Où sont les “ petits profits ” de messieurs les néo-opportunistes ? Ils ont remplacé le socialisme par le combisme, l’éducation et l’organisation socialistes par la glorification d’un ministère bourgeois. Ils ont exagéré à plaisir toute réforme bourgeoise en déclarant toute concession hypocrite des classes dominantes “ une étape ” vers le socialisme.

Il y a mieux. Ils sont en train de découvrir des difficultés sans nombre et la redoutable “ complexité ” dans l’œuvre purement bourgeoise et démocratique. En reprenant ainsi l’argument opportuniste qui a servi pendant trente ans à paralyser toute action réformiste, ils font le jeu de la conservation et de la duperie sociale et politique. Au lieu de pousser les gouvernants en avant, ils se font volontairement les complices les plus zélés, les plus accommodants de leur inaction sociale. Ils sont devenus les avocats les plus éloquents des ajournements perpétuels. Et au lieu de servir le mouvement en avant, ils favorisent de leur mieux l’inertie naturelle des hommes et des choses.

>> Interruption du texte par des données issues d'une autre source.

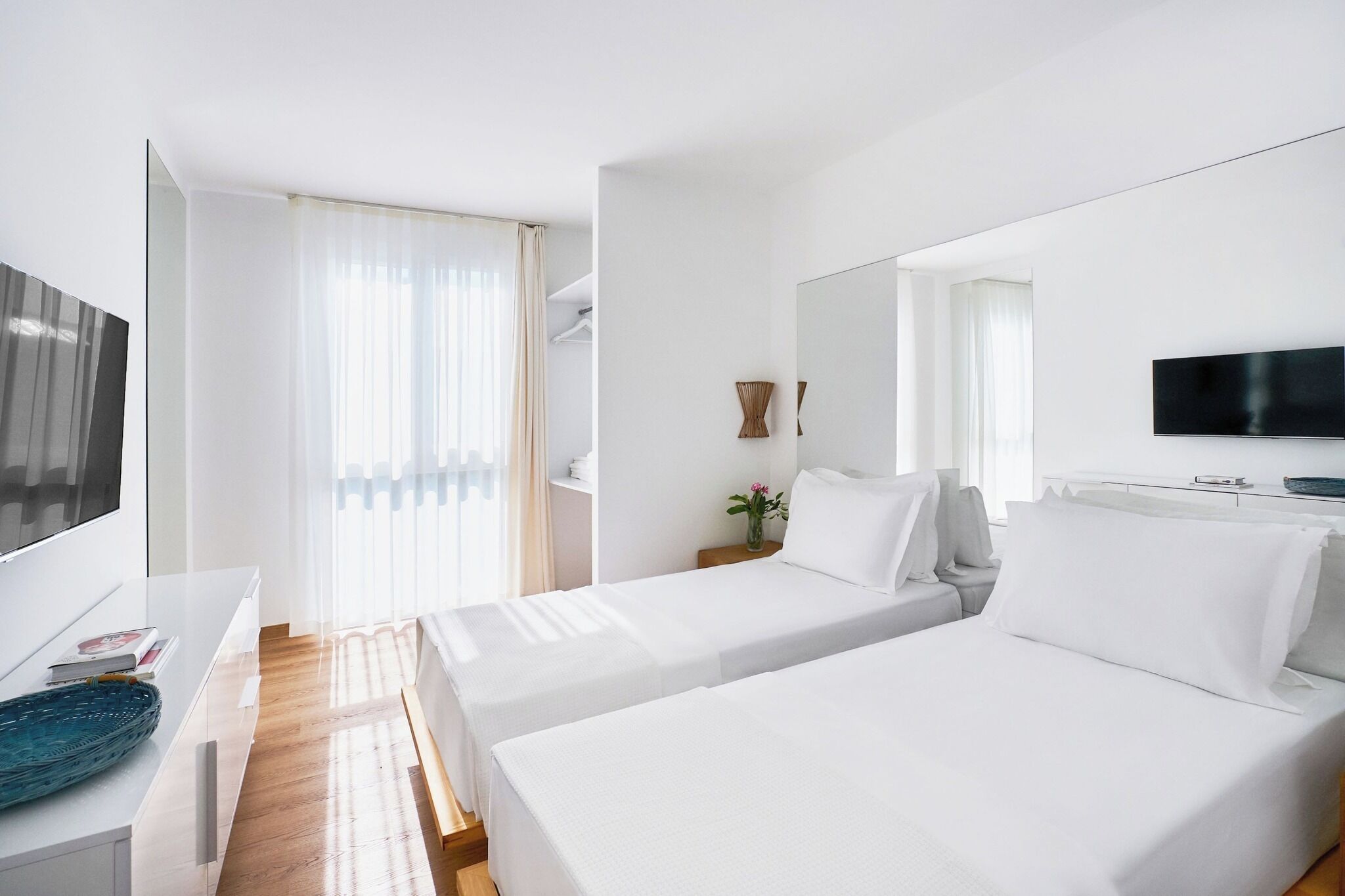 A hotel room with two beds, a TV, a desk, and a window with curtains.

Avec cela, aucune critique de principe du régime capitaliste, aucune conception générale de la société et de sa base économique. Résultat : aucun enthousiasme conscient et vraiment populaire ; désorganisation partielle des forces socialistes ; manque inévitable d’élan et de confiance ; arrivisme triomphant, l’intrigue des couloirs remplaçant l’action socialiste au grand jour.

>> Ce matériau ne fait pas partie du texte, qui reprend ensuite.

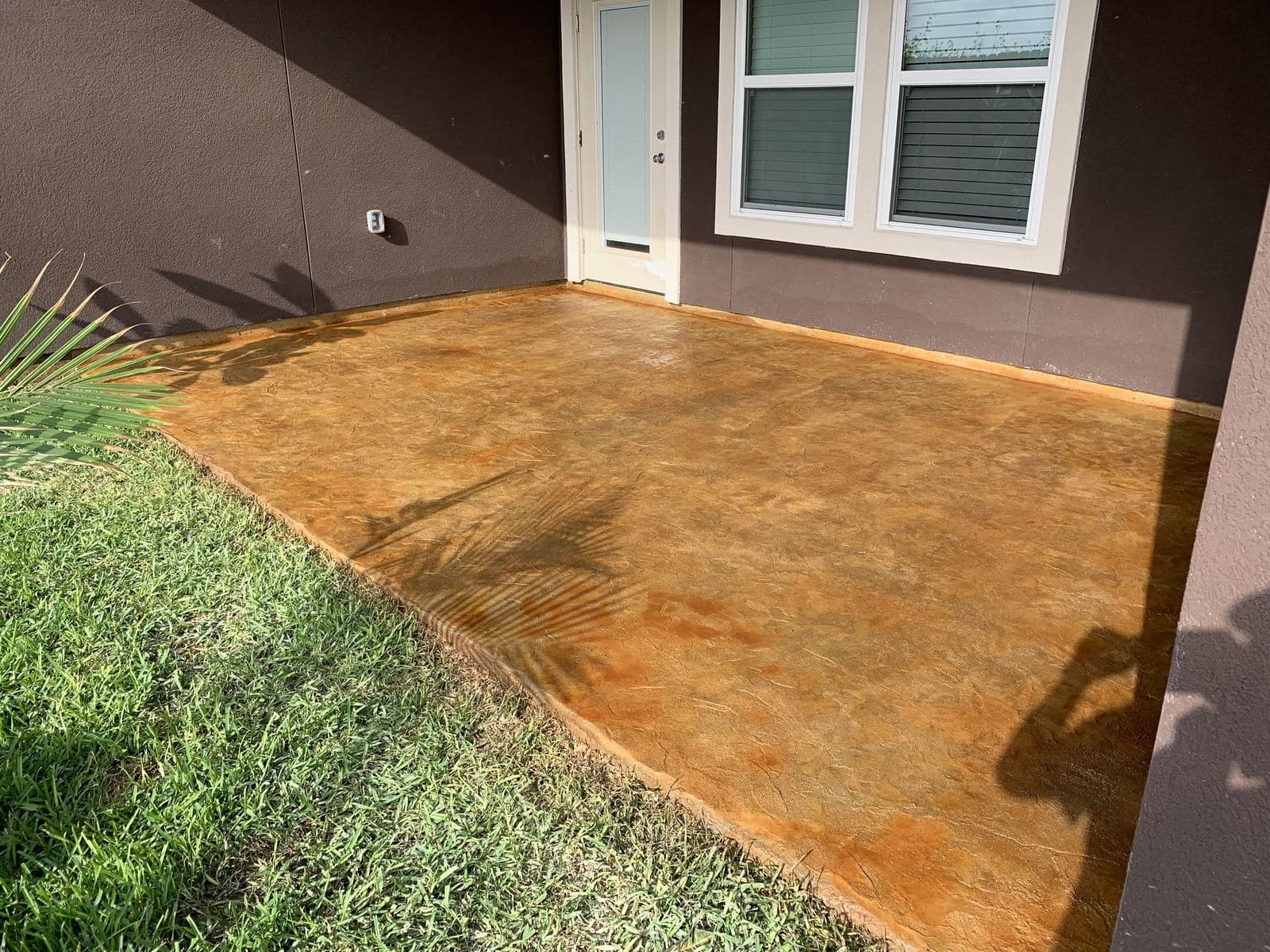 Amber acid-stained front porch slab by a home's entry door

Avec ce système de “ petits profits ”, qui est le triomphe de la théorie du “ Bilan ” chère à Jaurès, nos ministérialistes sont arrivés au résultat que voici. Ils sont désormais condamnés à s’exténuer dans la modération et dans la prudence pour réaliser non le programme socialiste mais le programme radical lui-même. Ils sont des opportunistes du radicalisme ! Et c’est M. Clemenceau, un radical indépendant et logique, qui leur fait la leçon. Leçon méritée et juste !

En criant de toutes leurs forces à la difficulté, en l’exagérant, ils la créent et la rendent de plus en plus insurmontable. Ils font le jeu de la réaction qui à chaque coup d’épingle hurle : à l’assassin ! La politique des “ petits profits ” de Briand-Jaurès, c’est la politique de beaucoup de bruit pour peu de chose.